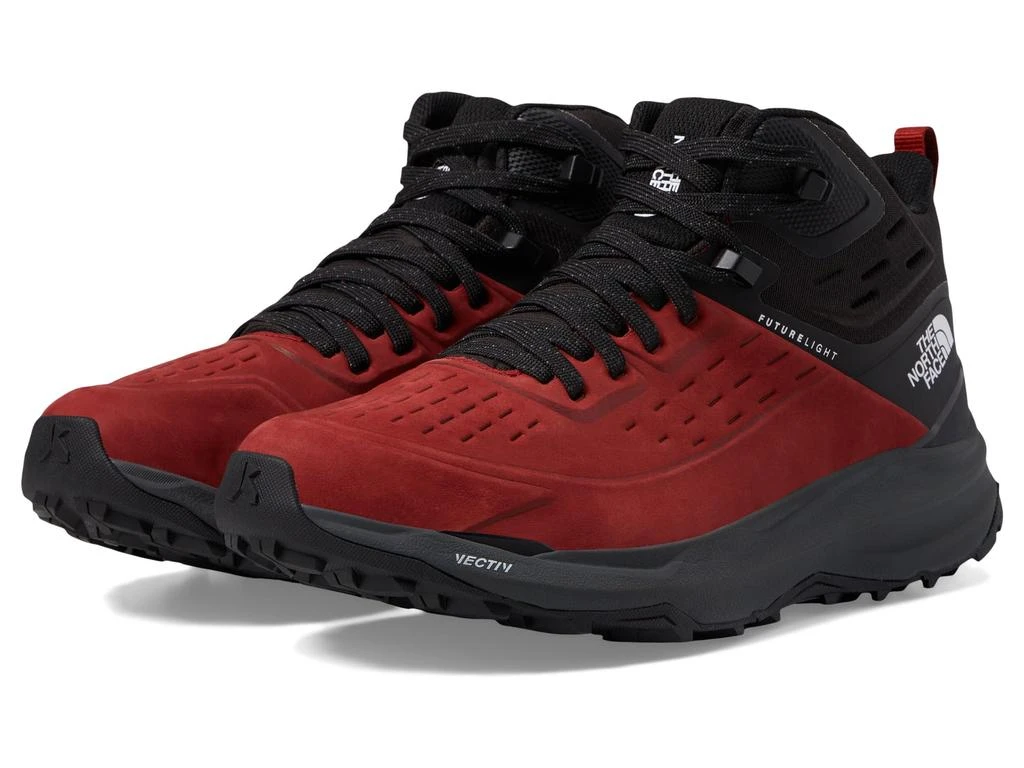 The North Face VECTIV Exploris 2 Mid FUTURELIGHT™ Leather TNF 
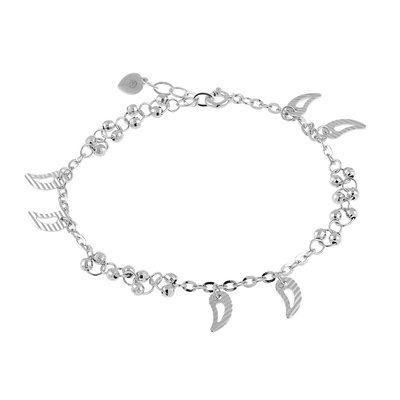 Bracelet en argent 925 CLEOR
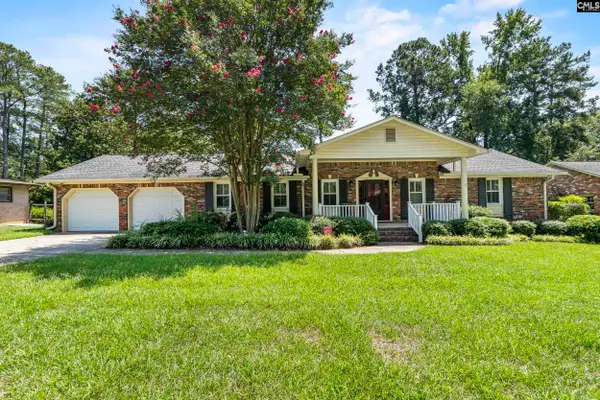 326 Townes Road, Columbia, SC 29210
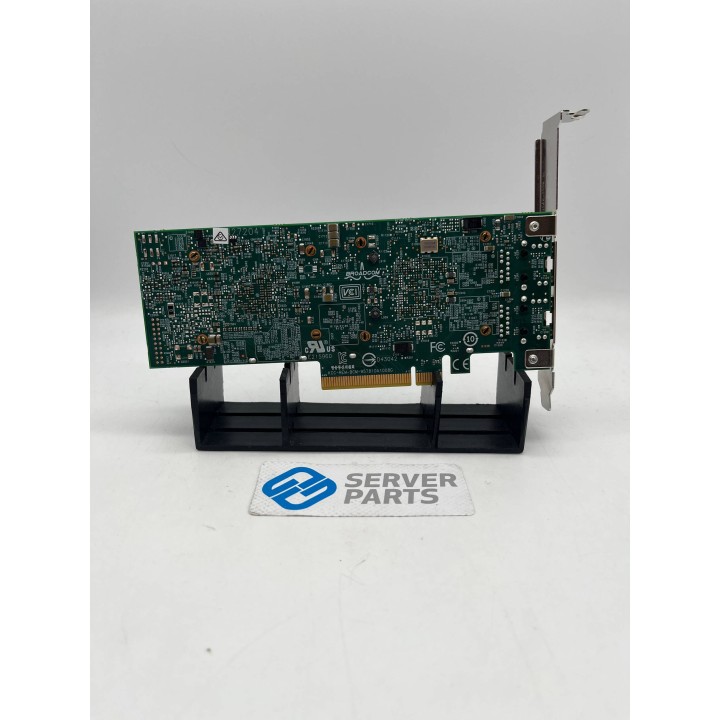 Dell Broadcom 57810S 10G 2x10GbE SFP+ W1GCR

_Problem details_. All of the data above is to be repeated exactly, with the pictures left out.

_Solved problem_.
 The North Face VECTIV Exploris 2 Mid FUTURELIGHT™ Leather TNF 
 Bracelet en argent 925 CLEOR
 326 Townes Road, Columbia, SC 29210
 Dell Broadcom 57810S 10G 2x10GbE SFP+ W1GCR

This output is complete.